- [Task directions] Write each line again exactly as it is, from the opening line of the records below through the one containing "DACIA DUSTER 1", and add nothing.

- [Supplied information]
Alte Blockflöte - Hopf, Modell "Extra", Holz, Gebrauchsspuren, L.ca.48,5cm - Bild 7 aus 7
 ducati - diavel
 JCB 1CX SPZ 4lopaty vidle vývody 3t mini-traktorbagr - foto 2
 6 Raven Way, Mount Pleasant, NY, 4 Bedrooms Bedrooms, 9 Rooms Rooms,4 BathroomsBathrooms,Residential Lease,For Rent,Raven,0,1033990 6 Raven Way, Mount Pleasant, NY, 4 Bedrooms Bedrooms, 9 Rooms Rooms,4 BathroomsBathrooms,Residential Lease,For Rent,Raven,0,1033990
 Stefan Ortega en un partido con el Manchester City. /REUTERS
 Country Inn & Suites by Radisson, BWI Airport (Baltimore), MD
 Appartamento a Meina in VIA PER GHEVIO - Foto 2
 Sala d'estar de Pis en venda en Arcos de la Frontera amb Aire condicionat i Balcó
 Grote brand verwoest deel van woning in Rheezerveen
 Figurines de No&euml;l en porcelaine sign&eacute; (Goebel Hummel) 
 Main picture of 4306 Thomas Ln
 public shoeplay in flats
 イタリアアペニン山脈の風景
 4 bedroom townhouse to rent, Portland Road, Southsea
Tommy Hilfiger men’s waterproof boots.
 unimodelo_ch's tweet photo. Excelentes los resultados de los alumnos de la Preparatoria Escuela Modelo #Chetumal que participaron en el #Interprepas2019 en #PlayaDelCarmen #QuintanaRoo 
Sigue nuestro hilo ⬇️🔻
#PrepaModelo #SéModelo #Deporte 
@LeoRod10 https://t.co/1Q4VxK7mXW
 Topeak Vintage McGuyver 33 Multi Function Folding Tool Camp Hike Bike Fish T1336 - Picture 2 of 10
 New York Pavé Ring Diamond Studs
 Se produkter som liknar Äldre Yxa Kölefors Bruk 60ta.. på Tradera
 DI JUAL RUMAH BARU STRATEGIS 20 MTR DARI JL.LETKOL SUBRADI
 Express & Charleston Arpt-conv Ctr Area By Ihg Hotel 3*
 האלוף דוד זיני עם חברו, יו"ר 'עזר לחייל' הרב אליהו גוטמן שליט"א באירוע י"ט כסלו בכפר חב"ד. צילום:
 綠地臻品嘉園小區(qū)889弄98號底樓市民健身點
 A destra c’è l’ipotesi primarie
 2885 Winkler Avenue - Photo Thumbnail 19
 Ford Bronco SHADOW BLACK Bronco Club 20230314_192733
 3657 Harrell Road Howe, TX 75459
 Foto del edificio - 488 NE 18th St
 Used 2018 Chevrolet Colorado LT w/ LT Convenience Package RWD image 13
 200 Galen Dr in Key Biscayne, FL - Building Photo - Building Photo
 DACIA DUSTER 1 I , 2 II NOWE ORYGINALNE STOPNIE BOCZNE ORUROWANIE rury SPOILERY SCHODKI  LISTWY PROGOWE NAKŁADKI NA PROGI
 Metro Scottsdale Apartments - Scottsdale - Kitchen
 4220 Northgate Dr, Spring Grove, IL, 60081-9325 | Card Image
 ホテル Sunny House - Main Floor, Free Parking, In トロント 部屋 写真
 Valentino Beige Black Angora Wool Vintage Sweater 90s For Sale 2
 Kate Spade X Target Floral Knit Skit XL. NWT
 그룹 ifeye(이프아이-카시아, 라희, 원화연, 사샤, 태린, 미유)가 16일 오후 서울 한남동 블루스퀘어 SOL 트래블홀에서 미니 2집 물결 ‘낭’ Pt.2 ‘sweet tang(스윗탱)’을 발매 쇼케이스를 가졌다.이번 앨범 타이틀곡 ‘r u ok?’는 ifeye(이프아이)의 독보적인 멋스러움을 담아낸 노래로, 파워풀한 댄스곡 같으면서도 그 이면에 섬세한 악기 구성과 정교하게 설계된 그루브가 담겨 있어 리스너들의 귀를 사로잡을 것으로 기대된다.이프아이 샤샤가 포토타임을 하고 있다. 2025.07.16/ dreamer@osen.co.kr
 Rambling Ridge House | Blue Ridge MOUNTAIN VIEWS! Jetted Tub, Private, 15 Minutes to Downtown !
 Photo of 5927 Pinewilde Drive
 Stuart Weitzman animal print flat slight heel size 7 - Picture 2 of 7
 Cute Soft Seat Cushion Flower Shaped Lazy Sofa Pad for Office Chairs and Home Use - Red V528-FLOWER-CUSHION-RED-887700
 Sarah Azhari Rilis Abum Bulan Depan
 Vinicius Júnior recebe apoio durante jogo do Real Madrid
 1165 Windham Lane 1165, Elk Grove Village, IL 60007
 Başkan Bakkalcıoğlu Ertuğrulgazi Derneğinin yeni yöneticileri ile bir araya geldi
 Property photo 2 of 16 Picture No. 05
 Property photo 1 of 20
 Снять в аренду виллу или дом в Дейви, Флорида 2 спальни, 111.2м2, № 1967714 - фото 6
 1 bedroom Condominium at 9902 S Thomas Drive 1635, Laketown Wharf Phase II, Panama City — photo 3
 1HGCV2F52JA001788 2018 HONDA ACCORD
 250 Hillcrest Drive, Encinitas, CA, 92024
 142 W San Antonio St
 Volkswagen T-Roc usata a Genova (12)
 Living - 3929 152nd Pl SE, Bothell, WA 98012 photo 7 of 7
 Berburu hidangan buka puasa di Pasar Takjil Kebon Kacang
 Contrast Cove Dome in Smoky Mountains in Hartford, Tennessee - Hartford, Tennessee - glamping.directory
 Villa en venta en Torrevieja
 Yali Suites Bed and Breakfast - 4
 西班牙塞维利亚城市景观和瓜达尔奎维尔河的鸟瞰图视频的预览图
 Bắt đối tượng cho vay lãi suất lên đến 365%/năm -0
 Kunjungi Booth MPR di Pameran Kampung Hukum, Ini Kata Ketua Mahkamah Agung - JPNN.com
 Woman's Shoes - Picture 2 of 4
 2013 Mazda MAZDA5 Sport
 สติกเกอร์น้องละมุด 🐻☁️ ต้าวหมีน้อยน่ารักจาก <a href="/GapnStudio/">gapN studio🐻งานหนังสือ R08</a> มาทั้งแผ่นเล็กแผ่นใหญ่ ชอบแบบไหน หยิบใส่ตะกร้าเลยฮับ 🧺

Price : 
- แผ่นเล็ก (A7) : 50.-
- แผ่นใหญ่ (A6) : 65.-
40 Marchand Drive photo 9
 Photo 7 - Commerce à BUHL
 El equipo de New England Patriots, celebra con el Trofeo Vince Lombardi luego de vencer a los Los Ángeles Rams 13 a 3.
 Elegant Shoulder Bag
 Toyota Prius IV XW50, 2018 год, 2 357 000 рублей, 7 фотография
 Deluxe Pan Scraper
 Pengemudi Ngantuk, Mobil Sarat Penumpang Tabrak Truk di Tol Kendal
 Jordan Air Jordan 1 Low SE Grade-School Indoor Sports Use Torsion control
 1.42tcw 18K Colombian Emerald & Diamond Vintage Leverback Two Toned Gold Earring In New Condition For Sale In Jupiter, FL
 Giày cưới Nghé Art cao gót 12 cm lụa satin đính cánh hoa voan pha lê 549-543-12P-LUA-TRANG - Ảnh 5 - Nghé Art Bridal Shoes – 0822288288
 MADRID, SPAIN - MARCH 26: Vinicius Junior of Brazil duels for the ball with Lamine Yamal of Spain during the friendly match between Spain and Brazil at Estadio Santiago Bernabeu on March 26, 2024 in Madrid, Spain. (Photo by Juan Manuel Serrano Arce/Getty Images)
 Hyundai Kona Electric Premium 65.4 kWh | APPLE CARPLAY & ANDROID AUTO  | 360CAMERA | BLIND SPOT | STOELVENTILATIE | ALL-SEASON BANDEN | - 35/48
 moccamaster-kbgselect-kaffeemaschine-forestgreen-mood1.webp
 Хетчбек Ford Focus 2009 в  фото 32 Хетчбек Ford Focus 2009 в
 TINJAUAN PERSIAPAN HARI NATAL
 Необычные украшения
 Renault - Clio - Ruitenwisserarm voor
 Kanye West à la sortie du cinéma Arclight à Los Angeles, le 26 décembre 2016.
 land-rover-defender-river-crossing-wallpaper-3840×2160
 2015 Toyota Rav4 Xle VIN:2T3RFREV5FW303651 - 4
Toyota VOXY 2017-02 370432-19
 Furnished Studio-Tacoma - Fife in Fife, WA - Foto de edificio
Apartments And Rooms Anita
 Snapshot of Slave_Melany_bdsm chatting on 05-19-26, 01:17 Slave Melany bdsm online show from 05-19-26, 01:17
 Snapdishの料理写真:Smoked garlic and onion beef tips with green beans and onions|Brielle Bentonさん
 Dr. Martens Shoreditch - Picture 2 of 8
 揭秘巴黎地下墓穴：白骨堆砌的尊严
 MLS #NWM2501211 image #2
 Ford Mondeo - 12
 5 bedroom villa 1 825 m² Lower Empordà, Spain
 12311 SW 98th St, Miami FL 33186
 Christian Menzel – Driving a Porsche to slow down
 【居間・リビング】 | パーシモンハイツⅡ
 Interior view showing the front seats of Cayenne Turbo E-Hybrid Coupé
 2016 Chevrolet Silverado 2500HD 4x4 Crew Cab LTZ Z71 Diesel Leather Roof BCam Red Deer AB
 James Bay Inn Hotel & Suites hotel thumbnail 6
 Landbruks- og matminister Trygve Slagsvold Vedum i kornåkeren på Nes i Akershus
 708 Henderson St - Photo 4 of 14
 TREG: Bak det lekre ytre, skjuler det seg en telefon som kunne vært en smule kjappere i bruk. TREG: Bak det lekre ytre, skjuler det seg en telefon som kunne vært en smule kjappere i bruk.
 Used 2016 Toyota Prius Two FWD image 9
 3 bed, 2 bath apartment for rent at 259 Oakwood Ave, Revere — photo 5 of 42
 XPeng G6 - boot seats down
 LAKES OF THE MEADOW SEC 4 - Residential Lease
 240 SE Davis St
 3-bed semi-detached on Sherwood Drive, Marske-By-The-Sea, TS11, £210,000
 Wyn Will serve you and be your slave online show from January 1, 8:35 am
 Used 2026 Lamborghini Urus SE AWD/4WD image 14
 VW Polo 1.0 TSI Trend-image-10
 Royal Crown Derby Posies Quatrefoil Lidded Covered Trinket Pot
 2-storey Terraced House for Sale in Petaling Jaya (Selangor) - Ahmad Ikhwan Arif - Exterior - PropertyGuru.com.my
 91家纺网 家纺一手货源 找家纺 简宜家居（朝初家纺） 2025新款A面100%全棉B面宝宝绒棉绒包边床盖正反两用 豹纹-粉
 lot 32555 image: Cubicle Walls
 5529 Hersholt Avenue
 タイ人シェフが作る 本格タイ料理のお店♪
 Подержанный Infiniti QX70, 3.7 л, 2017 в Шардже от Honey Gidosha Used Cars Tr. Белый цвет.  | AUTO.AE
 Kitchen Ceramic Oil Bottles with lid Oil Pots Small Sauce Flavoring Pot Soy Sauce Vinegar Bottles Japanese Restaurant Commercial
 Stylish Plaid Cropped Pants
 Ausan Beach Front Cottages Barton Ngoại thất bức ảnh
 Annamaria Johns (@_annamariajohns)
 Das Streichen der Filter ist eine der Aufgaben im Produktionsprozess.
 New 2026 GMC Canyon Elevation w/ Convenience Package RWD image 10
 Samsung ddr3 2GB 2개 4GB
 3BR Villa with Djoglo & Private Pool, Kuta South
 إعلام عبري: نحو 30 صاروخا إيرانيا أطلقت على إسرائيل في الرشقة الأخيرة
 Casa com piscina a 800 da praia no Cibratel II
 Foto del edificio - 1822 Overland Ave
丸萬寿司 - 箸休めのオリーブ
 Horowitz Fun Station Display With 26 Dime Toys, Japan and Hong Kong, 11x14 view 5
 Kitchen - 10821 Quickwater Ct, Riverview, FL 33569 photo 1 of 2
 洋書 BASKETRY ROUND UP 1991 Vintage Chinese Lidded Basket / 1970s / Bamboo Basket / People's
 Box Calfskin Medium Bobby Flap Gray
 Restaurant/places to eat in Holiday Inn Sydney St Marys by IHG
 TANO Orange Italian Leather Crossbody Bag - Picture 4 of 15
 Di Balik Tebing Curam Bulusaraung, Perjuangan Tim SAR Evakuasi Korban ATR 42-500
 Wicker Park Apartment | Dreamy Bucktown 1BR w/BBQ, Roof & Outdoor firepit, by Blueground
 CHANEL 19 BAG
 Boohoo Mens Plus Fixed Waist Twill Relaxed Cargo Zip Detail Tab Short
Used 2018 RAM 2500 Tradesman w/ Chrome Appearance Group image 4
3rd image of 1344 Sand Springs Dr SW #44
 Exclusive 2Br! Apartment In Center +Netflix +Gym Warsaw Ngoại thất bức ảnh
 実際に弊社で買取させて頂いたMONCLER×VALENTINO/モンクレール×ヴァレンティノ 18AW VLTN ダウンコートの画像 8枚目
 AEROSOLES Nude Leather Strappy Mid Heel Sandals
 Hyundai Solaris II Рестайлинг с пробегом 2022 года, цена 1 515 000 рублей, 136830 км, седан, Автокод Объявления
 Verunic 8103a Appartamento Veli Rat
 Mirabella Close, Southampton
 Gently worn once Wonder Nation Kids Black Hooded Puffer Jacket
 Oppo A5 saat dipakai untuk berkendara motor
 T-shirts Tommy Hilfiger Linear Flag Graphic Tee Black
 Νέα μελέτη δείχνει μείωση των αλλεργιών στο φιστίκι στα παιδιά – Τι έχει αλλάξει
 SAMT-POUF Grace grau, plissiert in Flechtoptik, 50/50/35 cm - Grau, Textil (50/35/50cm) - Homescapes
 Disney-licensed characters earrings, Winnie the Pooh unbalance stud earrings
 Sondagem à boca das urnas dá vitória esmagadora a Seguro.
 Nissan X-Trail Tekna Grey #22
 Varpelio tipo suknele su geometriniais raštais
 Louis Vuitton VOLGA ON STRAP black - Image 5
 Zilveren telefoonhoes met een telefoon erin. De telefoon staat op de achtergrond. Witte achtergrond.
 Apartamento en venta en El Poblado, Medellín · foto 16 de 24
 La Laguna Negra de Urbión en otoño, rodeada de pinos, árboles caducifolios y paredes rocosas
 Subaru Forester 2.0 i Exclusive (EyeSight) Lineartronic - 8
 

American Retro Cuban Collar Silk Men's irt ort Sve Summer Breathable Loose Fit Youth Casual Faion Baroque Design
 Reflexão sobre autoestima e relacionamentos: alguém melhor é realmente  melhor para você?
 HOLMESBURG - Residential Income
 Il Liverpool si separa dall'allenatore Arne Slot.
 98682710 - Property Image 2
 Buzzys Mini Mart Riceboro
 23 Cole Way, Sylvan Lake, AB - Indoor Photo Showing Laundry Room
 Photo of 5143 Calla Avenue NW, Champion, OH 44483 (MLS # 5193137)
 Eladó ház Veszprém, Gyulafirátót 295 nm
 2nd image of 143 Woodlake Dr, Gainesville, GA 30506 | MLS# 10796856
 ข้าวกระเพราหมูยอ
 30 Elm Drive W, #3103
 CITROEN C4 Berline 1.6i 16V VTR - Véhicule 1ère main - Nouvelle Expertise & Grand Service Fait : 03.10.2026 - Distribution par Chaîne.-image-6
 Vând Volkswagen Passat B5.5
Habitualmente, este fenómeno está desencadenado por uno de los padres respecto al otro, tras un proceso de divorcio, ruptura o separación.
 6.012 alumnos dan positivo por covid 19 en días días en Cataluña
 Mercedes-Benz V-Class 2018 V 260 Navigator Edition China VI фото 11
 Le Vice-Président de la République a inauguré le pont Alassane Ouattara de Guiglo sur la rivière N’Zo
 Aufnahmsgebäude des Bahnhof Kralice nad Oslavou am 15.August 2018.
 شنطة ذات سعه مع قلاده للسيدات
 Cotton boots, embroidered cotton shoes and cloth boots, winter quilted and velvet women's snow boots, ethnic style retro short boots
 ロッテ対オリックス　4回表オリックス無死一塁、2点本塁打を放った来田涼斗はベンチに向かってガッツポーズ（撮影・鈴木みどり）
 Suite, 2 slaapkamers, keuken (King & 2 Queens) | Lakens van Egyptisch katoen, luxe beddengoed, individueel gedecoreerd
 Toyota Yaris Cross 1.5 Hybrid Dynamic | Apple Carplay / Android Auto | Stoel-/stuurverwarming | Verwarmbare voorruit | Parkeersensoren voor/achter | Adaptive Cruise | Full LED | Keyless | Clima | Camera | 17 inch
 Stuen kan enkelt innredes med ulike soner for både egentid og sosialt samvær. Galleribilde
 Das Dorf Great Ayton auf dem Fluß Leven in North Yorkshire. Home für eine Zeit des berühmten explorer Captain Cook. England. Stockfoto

- [Exercise response]
Alte Blockflöte - Hopf, Modell "Extra", Holz, Gebrauchsspuren, L.ca.48,5cm - Bild 7 aus 7
 ducati - diavel
 JCB 1CX SPZ 4lopaty vidle vývody 3t mini-traktorbagr - foto 2
 6 Raven Way, Mount Pleasant, NY, 4 Bedrooms Bedrooms, 9 Rooms Rooms,4 BathroomsBathrooms,Residential Lease,For Rent,Raven,0,1033990 6 Raven Way, Mount Pleasant, NY, 4 Bedrooms Bedrooms, 9 Rooms Rooms,4 BathroomsBathrooms,Residential Lease,For Rent,Raven,0,1033990
 Stefan Ortega en un partido con el Manchester City. /REUTERS
 Country Inn & Suites by Radisson, BWI Airport (Baltimore), MD
 Appartamento a Meina in VIA PER GHEVIO - Foto 2
 Sala d'estar de Pis en venda en Arcos de la Frontera amb Aire condicionat i Balcó
 Grote brand verwoest deel van woning in Rheezerveen
 Figurines de No&euml;l en porcelaine sign&eacute; (Goebel Hummel) 
 Main picture of 4306 Thomas Ln
 public shoeplay in flats
 イタリアアペニン山脈の風景
 4 bedroom townhouse to rent, Portland Road, Southsea
Tommy Hilfiger men’s waterproof boots.
 unimodelo_ch's tweet photo. Excelentes los resultados de los alumnos de la Preparatoria Escuela Modelo #Chetumal que participaron en el #Interprepas2019 en #PlayaDelCarmen #QuintanaRoo 
Sigue nuestro hilo ⬇️🔻
#PrepaModelo #SéModelo #Deporte 
@LeoRod10 https://t.co/1Q4VxK7mXW
 Topeak Vintage McGuyver 33 Multi Function Folding Tool Camp Hike Bike Fish T1336 - Picture 2 of 10
 New York Pavé Ring Diamond Studs
 Se produkter som liknar Äldre Yxa Kölefors Bruk 60ta.. på Tradera
 DI JUAL RUMAH BARU STRATEGIS 20 MTR DARI JL.LETKOL SUBRADI
 Express & Charleston Arpt-conv Ctr Area By Ihg Hotel 3*
 האלוף דוד זיני עם חברו, יו"ר 'עזר לחייל' הרב אליהו גוטמן שליט"א באירוע י"ט כסלו בכפר חב"ד. צילום:
 綠地臻品嘉園小區(qū)889弄98號底樓市民健身點
 A destra c’è l’ipotesi primarie
 2885 Winkler Avenue - Photo Thumbnail 19
 Ford Bronco SHADOW BLACK Bronco Club 20230314_192733
 3657 Harrell Road Howe, TX 75459
 Foto del edificio - 488 NE 18th St
 Used 2018 Chevrolet Colorado LT w/ LT Convenience Package RWD image 13
 200 Galen Dr in Key Biscayne, FL - Building Photo - Building Photo
 DACIA DUSTER 1 I , 2 II NOWE ORYGINALNE STOPNIE BOCZNE ORUROWANIE rury SPOILERY SCHODKI  LISTWY PROGOWE NAKŁADKI NA PROGI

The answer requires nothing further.